> _LISTED ENTRIES_

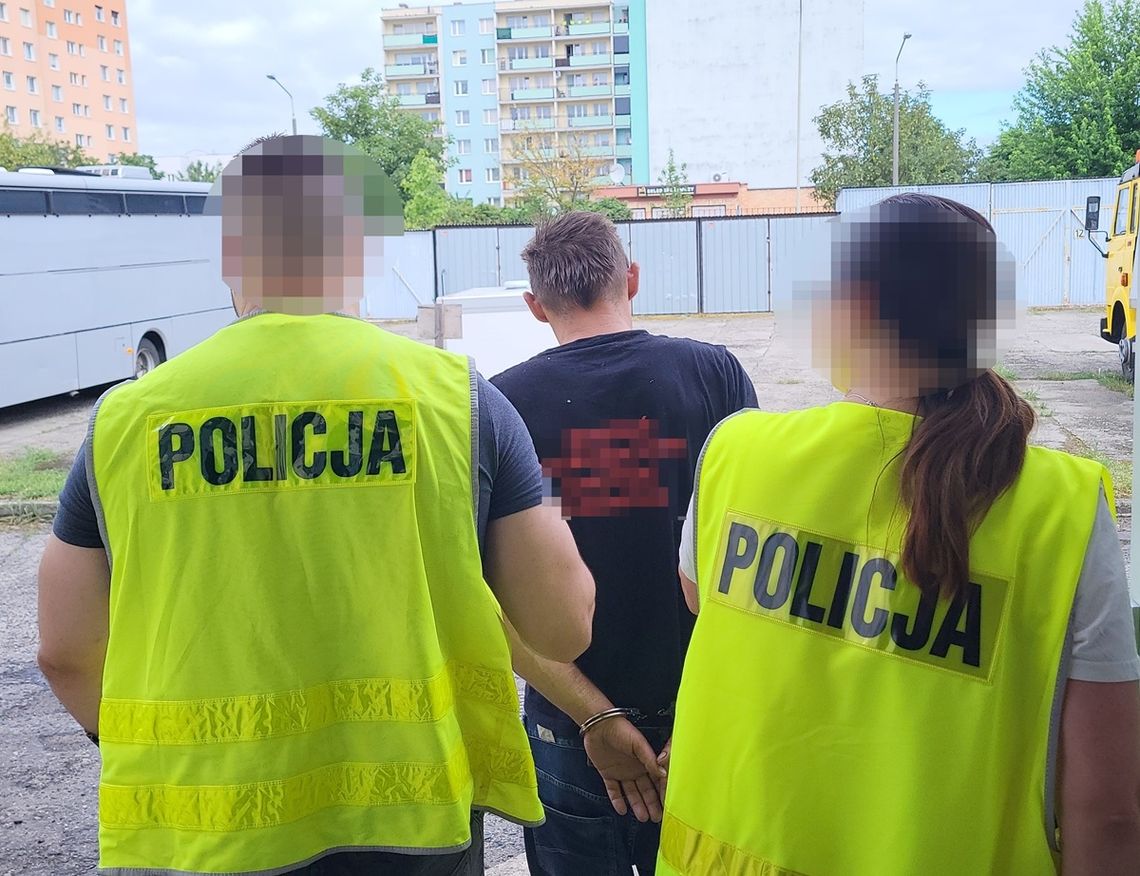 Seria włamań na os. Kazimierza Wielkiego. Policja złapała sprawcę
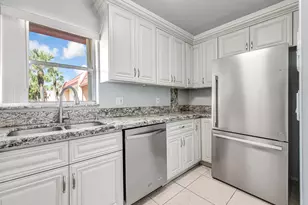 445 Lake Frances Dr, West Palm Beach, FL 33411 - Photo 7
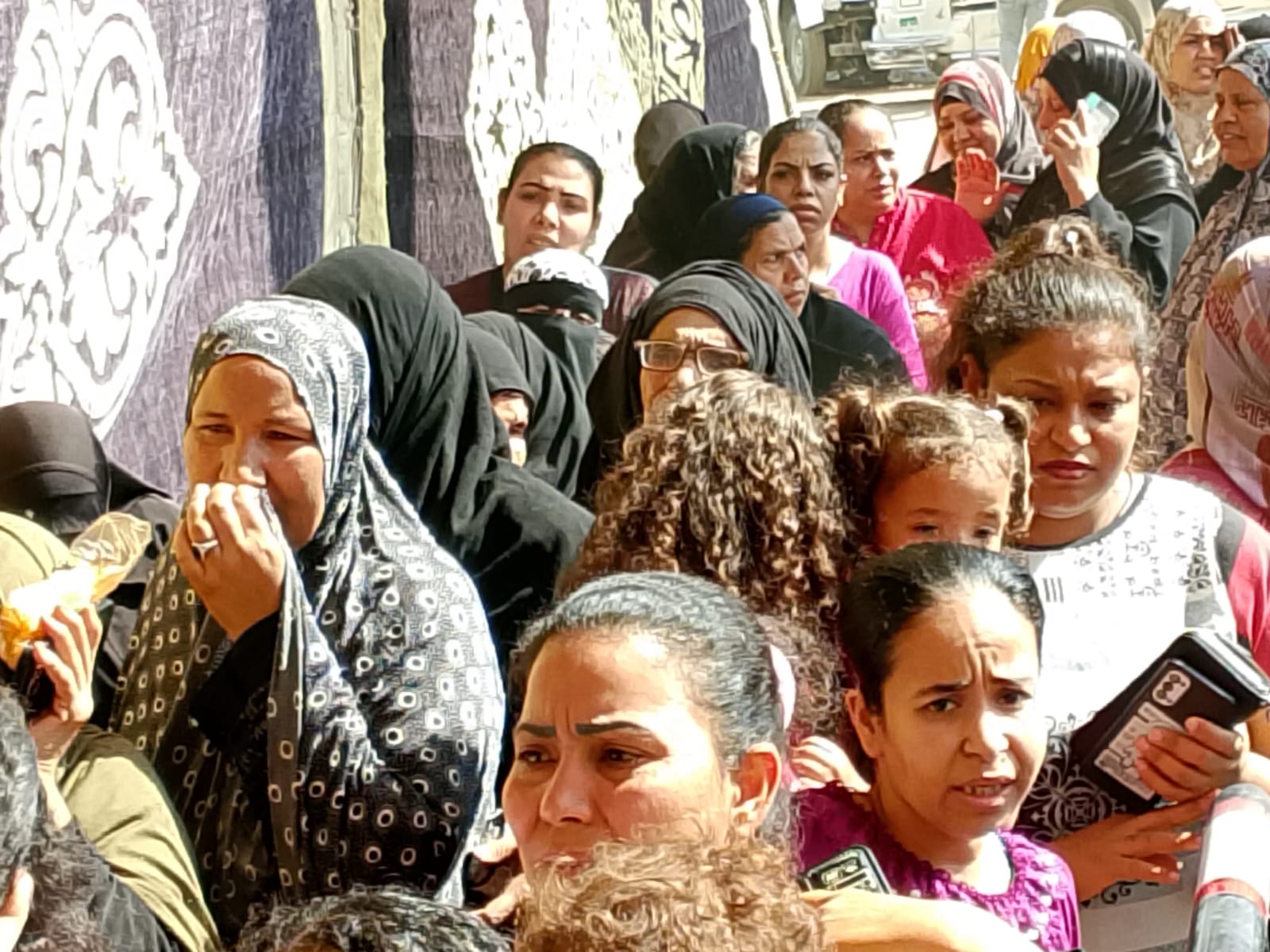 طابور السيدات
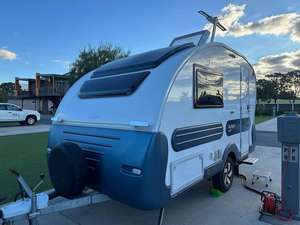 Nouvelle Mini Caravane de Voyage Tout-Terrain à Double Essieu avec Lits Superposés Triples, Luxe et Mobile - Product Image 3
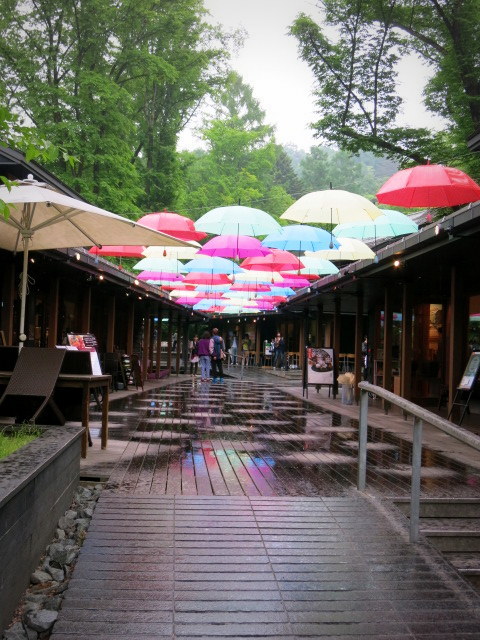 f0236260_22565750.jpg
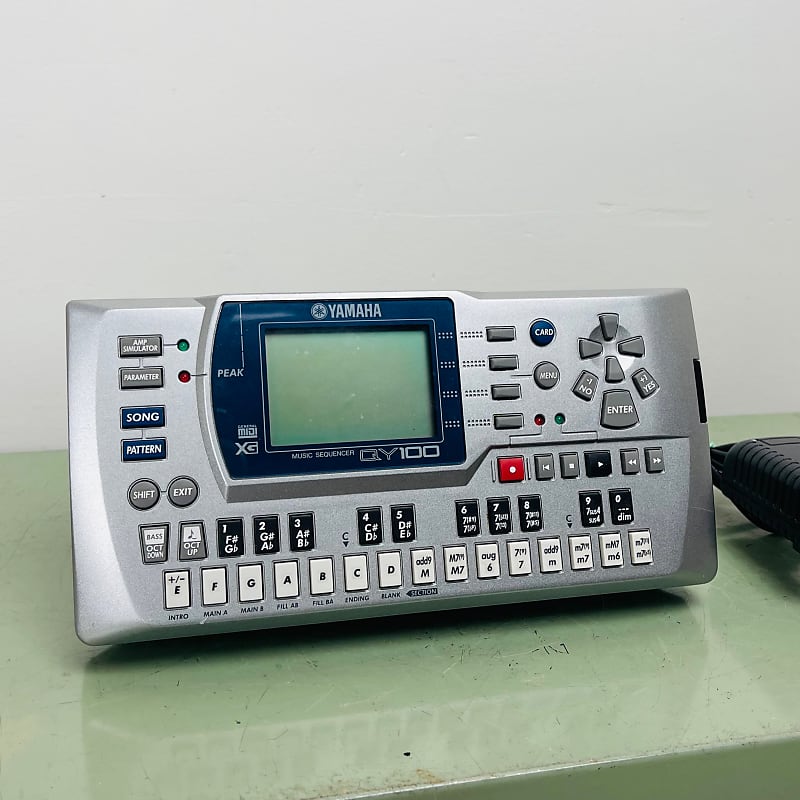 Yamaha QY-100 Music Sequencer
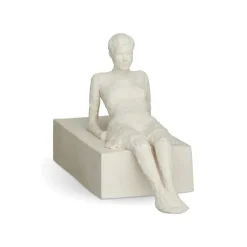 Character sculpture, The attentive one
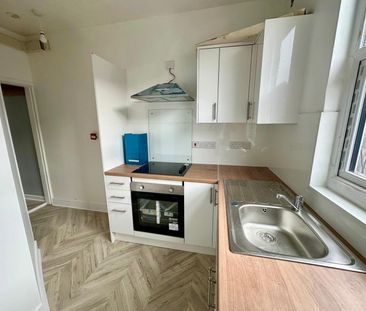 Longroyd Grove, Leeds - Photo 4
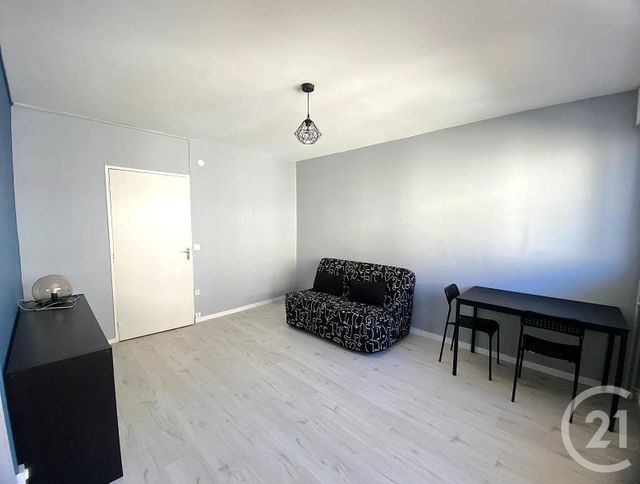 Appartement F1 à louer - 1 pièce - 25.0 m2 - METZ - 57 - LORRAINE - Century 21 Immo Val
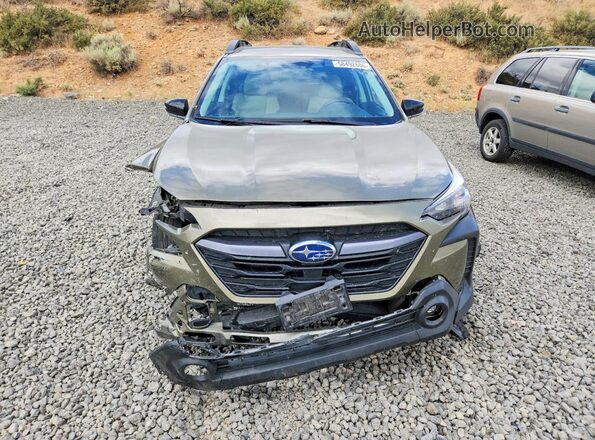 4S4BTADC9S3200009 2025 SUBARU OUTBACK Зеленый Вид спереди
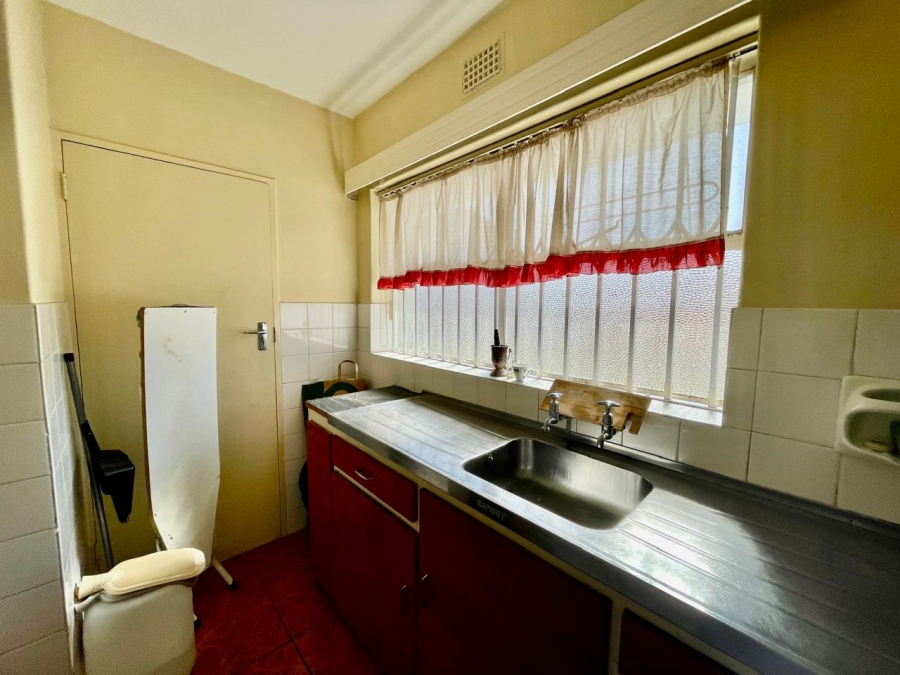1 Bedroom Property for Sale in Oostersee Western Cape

> _ACTIVITY_
Look for the line that contains "4S4BTADC9S3200009 2025 SUBARU", then please copy it and the rest of the lines through the end of the data, pictures excluded.

> _EXPECTED ANSWER_
 4S4BTADC9S3200009 2025 SUBARU OUTBACK Зеленый Вид спереди
1 Bedroom Property for Sale in Oostersee Western Cape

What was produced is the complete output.